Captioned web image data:
────────
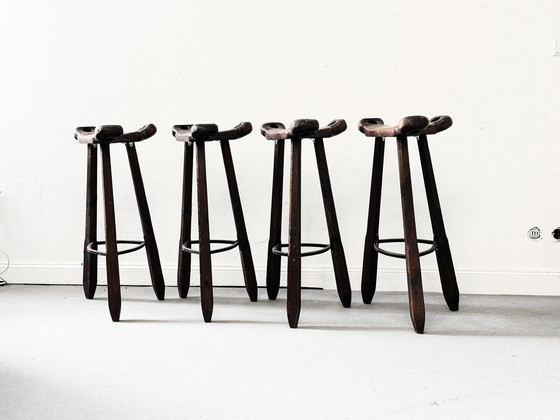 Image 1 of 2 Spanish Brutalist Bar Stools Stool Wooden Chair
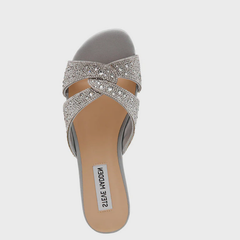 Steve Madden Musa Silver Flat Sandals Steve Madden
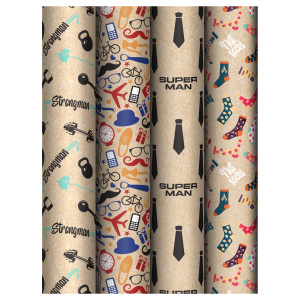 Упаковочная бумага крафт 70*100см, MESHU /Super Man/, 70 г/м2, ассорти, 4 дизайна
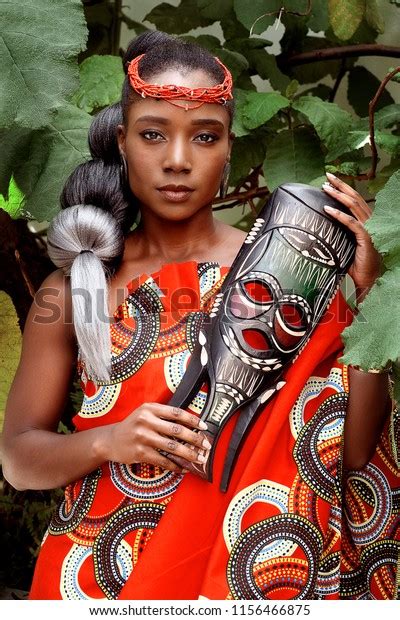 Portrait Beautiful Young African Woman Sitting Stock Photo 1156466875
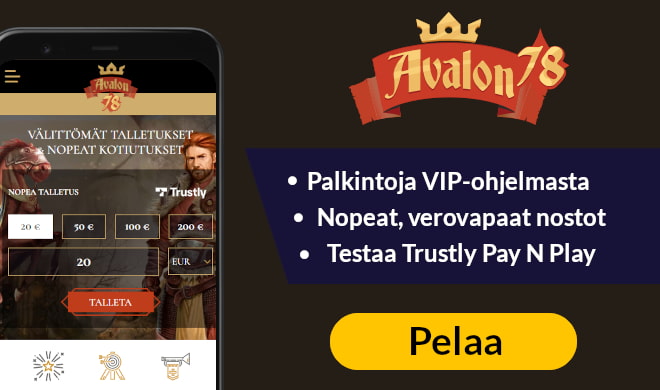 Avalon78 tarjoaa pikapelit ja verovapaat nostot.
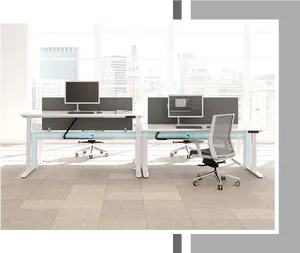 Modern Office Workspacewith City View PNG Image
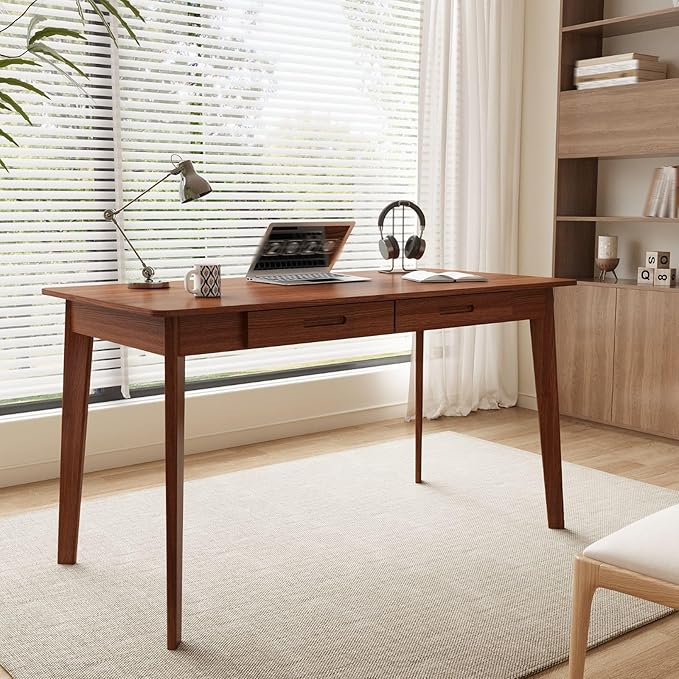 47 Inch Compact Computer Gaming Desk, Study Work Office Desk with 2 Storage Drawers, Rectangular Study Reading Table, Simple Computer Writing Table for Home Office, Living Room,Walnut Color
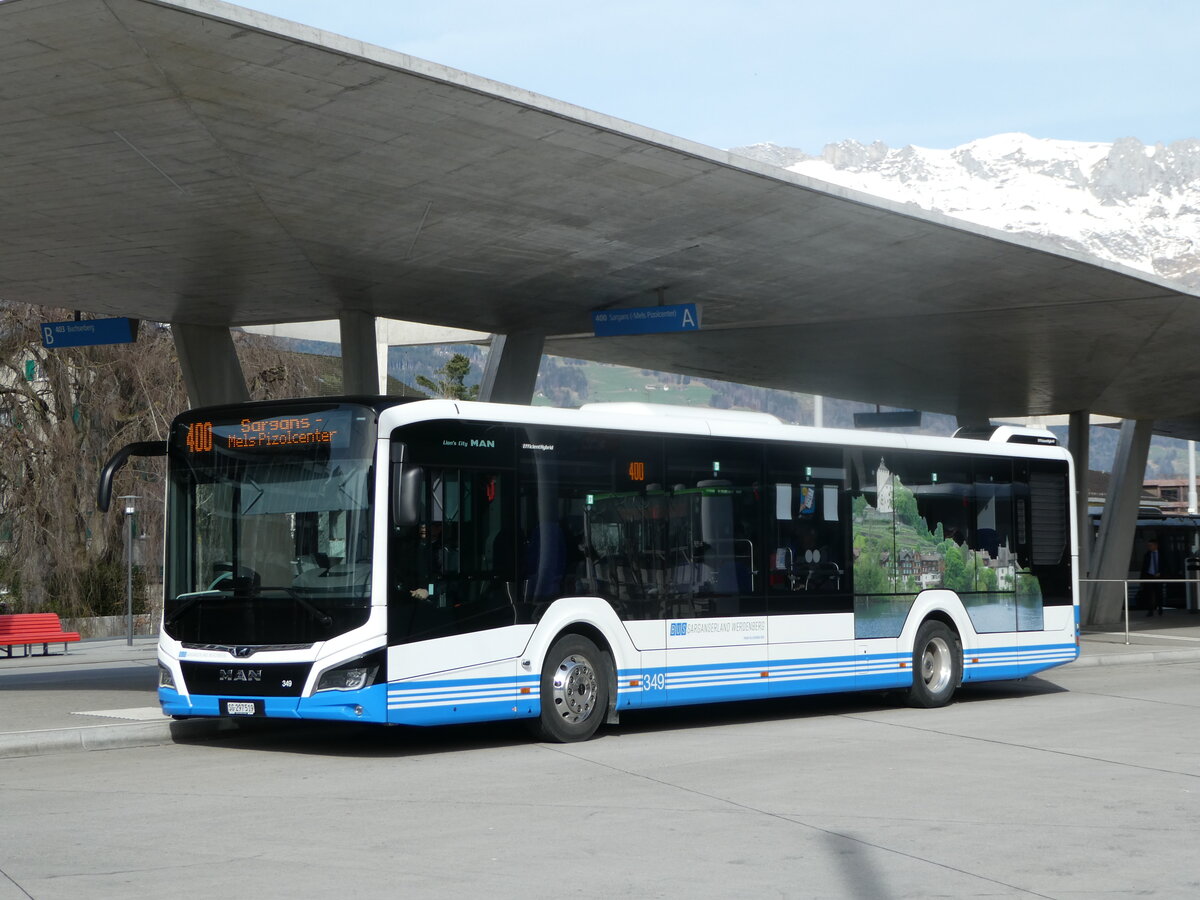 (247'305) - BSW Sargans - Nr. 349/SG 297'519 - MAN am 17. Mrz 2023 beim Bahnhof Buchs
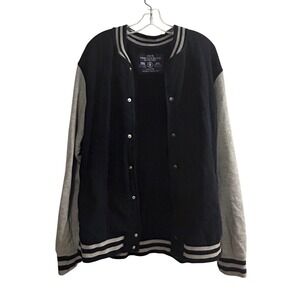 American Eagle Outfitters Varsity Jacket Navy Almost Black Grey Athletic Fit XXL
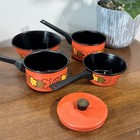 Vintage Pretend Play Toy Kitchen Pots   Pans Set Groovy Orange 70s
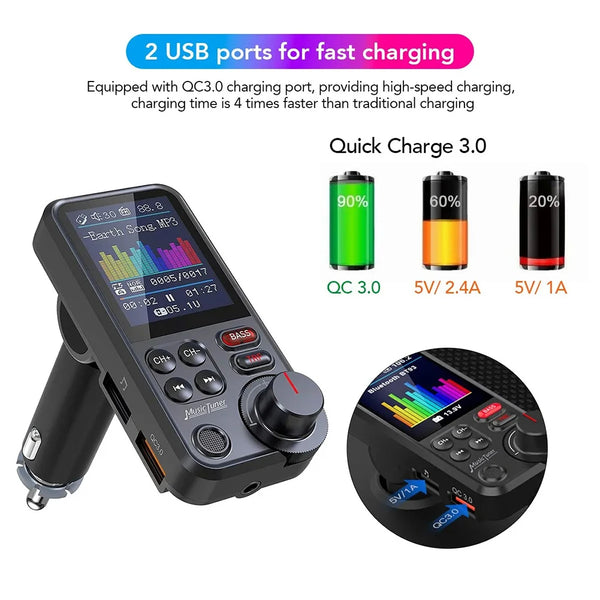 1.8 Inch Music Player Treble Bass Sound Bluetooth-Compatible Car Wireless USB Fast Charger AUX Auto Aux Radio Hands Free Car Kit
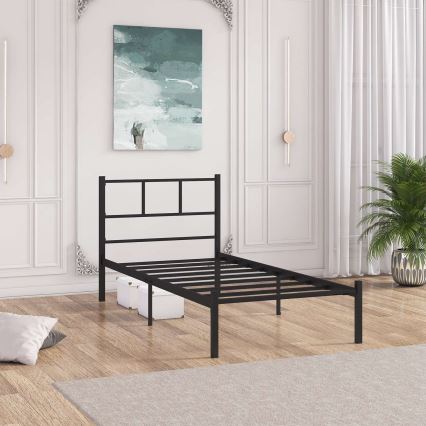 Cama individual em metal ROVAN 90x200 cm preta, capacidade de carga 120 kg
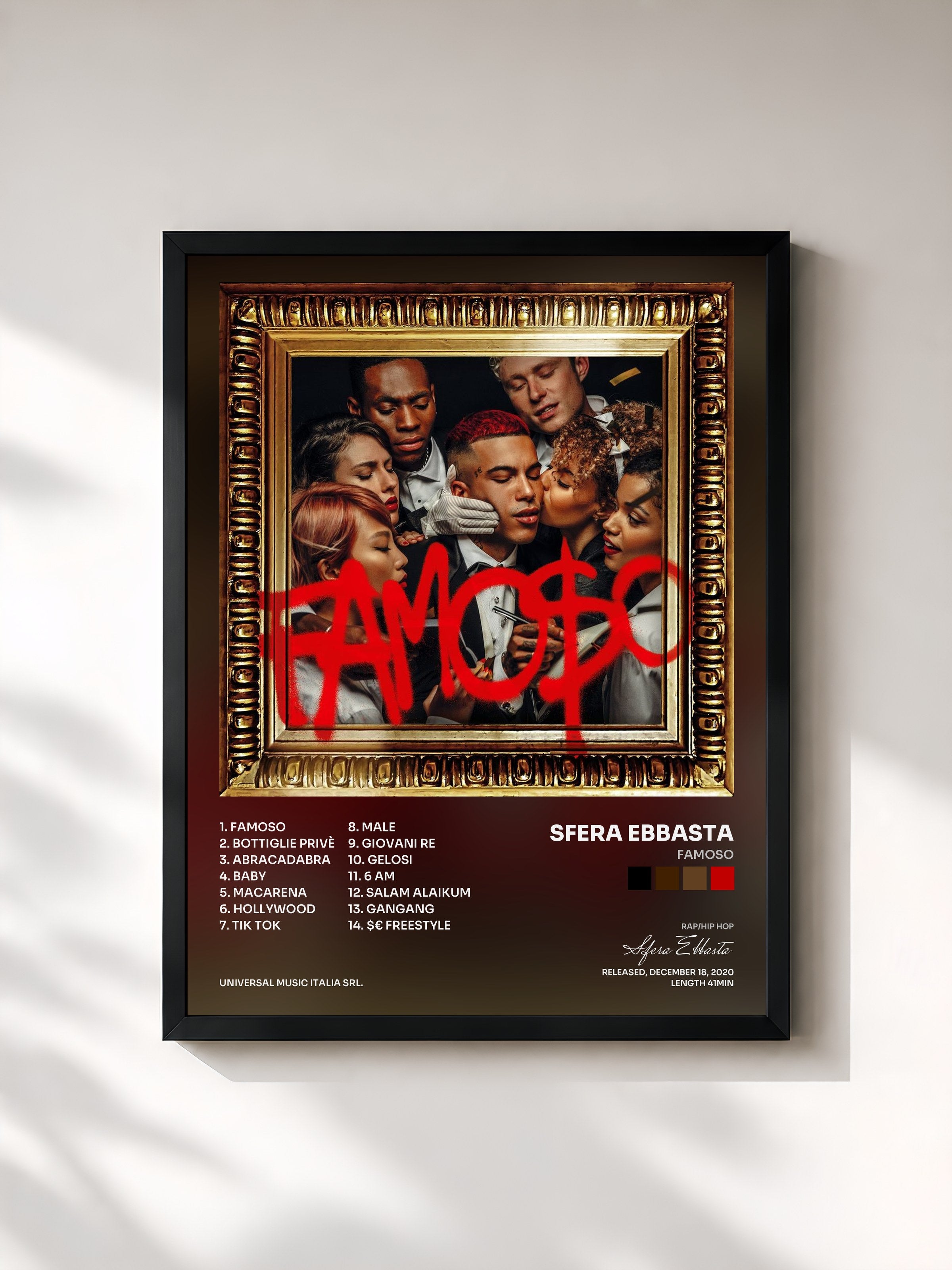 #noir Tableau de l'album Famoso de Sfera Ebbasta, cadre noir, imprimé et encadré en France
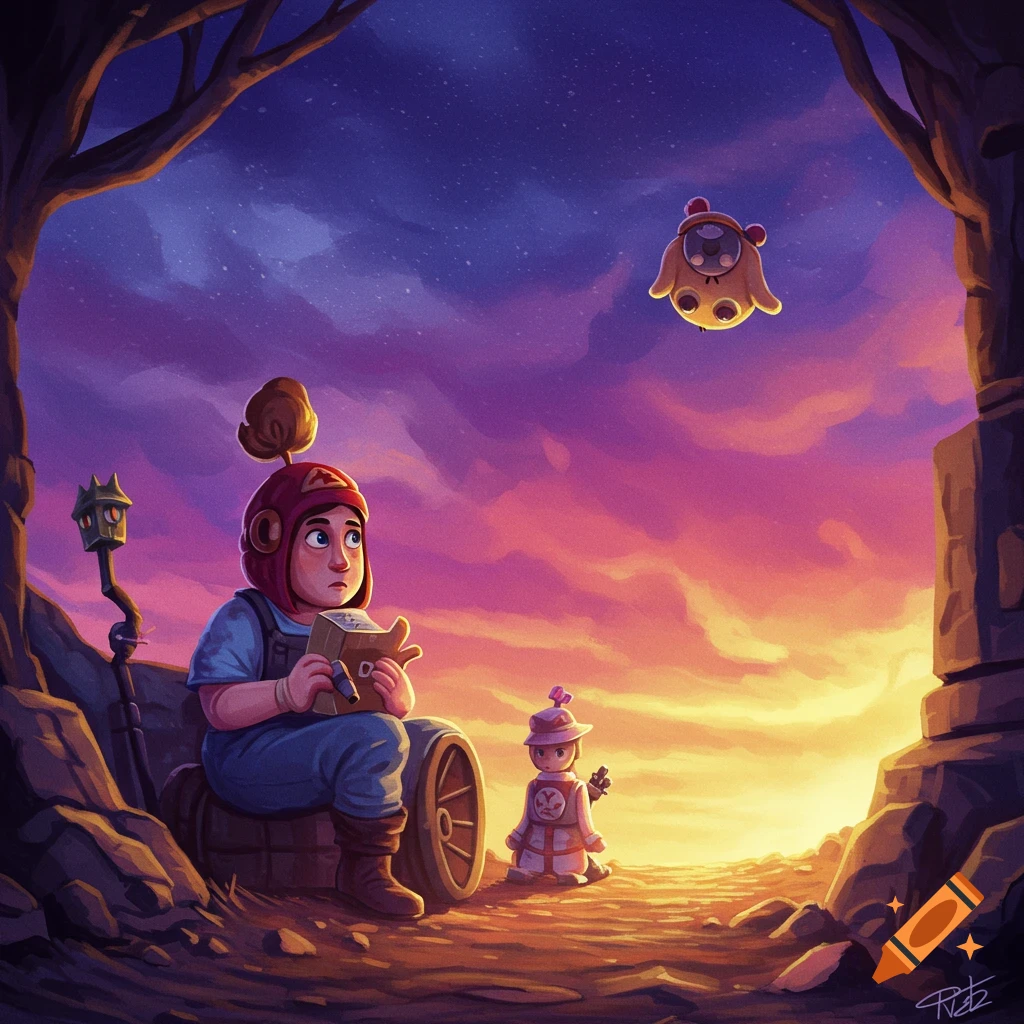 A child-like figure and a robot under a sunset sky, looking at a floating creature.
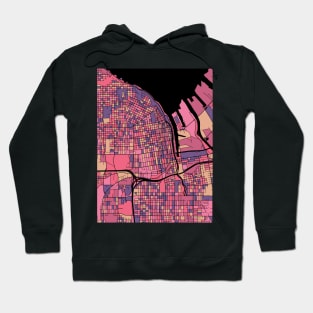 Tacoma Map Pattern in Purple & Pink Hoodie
────────
Task details:
The lines to copy exactly start with the line above that has "Steve Madden Musa" and go on through the line that has "Vintage Pretend Play"; please include both, add nothing else, and omit the pictures.

Result for this exercise:
 Steve Madden Musa Silver Flat Sandals Steve Madden
 Упаковочная бумага крафт 70*100см, MESHU /Super Man/, 70 г/м2, ассорти, 4 дизайна
 Portrait Beautiful Young African Woman Sitting Stock Photo 1156466875
 Avalon78 tarjoaa pikapelit ja verovapaat nostot.
 Modern Office Workspacewith City View PNG Image
 47 Inch Compact Computer Gaming Desk, Study Work Office Desk with 2 Storage Drawers, Rectangular Study Reading Table, Simple Computer Writing Table for Home Office, Living Room,Walnut Color
 (247'305) - BSW Sargans - Nr. 349/SG 297'519 - MAN am 17. Mrz 2023 beim Bahnhof Buchs
 American Eagle Outfitters Varsity Jacket Navy Almost Black Grey Athletic Fit XXL
 Vintage Pretend Play Toy Kitchen Pots   Pans Set Groovy Orange 70s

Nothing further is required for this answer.